Pour le Président de la République, l’appel à la prise de conscience sur la violence dans l’Est de la RDC est un soutien à la sécurité de tous les Congolais. C’est pourquoi, indique le compte rendu de la 44ème réunion du Conseil des Ministres, le Président de la République a «engagé le gouvernement et, particulièrement les Ministres ayant l’Intérieur et la Sécurité ainsi que la Justice dans leurs attributions respectives, de prendre toutes les mesures qui s’imposent pour assurer la sécurité du Dr Mukwege et l’ouverture des enquêtes sur ces faits ». Pour rappel, les États-Unis d’Amérique, le Canada et l’Union Européenne ont tous condamné les menaces de mort dont est victime le prix Nobel de la Paix 2018
Le Dr est aux avant-postes d’une guerre
Le gynécologue congolais, surnommé l’homme qui répare les femmes, a remporté le prix Nobel de la paix aux côtés de l’Irakienne Nadia Murad, vendredi 5 octobre. Son combat pour la réparation de l’appareil génital des femmes victimes de viol l’a amené à devenir un des principaux détracteurs du président Joseph Kabila.
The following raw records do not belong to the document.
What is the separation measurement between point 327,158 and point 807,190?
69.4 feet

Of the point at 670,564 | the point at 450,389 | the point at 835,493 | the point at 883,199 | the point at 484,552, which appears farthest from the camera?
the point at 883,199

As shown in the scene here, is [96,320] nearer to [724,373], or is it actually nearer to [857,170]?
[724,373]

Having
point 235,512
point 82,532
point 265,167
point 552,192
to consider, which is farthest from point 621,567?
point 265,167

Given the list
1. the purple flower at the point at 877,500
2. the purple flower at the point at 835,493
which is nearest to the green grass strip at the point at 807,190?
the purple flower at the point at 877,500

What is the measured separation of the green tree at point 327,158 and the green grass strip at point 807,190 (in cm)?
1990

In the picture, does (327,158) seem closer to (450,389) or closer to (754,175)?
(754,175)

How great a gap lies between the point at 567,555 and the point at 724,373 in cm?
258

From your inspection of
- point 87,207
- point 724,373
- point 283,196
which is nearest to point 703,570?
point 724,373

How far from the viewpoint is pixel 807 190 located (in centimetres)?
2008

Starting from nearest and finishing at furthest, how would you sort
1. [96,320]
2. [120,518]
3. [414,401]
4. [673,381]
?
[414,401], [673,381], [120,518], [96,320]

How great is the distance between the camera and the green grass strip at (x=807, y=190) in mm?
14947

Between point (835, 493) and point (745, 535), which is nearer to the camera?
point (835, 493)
Nelson Mandela, Yasser Arafat, Desmond Tutu… Denis Mukwege vient de rejoindre quelques-uns des géants de l’histoire universelle au palmarès du prix Nobel de la paix. L’œuvre du docteur n’a certes pas (encore ?) abouti à des résultats aussi tangibles sur la vie de sa chère République démocratique du Congo. Mais il partage avec ces grands hommes l’inébranlable volonté d’alléger le fardeau des siens ou, en l’occurrence, des siennes avançant ainsi vers son propre destin.
Natif de Bukavu, en 1955, dans l’Est du Congo encore belge, grandit au milieu de huit frères et sœurs et sous l’autorité d’un père pasteur dans une église pentecôtiste suédoise ce qu’il deviendra à son tour, à ses heures perdues. Jeune homme, Denis Mukwege traverse la rivière Rusizi pour aller faire des études de médecine, au Burundi voisin.
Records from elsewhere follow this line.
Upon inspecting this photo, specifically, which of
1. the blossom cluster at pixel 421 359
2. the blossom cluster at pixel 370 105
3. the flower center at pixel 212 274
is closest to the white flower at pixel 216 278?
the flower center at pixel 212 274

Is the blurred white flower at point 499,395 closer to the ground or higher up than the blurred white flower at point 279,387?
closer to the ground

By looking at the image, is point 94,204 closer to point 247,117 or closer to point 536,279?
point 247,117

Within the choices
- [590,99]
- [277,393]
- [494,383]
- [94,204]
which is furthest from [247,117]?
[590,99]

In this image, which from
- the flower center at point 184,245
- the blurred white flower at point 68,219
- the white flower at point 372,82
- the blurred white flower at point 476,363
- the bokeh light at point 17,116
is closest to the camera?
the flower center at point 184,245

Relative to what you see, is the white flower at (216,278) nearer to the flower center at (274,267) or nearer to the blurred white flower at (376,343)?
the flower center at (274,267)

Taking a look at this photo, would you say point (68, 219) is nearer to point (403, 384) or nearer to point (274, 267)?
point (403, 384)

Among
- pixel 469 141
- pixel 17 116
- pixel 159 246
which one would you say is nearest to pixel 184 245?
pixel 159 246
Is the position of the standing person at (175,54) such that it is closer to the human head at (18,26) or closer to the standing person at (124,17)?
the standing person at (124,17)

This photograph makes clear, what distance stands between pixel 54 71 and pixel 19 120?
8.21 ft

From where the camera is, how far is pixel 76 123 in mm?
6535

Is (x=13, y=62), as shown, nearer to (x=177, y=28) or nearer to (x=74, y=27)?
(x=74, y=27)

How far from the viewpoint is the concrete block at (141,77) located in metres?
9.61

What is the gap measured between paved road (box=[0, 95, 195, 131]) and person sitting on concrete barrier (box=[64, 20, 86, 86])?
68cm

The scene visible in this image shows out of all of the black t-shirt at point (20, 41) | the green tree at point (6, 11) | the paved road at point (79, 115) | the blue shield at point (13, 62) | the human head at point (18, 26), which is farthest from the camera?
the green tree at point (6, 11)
À son retour, il devient médecin dans l’hôpital de Lemera, sur les moyens plateaux du Sud Kivu, et prend conscience du nombre de complications post-accouchements qui touchent ses compatriotes. Le Zaïre n’est pas encore déchiré par la guerre, mais la santé maternelle est déjà dans un état déplorable.
Mukwege décide de se spécialiser en gynécologie et s’envole pour Angers dans les années 1980. Au terme de ses études, il aurait pu poursuivre une sa carrière dans cette tranquille ville française. Mais il décide de retourner dans son pays, alors agité par l’agonie de la dictature de Mobutu Sese Seko. Il est promu médecin-directeur à Lemera. Il est alors aux avant-postes d’une guerre qui débute, en 1996. Le chef rebelle congolais Laurent-Désiré Kabila vient de prendre la tête d’une coalition fortement soutenue par les armées ougandaises et rwandaises. Dans son hôpital, les patients sous sa responsabilité sont assassinés jusque dans leur lit par ces troupes.
Ces exactions, qui se produisent un peu partout dans l’Est du pays, provoquent la création de groupes d’autodéfense et entament un cycle de violence qui se poursuit jusqu’à aujourd’hui. Sous le choc, Mukwege s’est exilé au Kenya. Il aurait à nouveau pu y rester.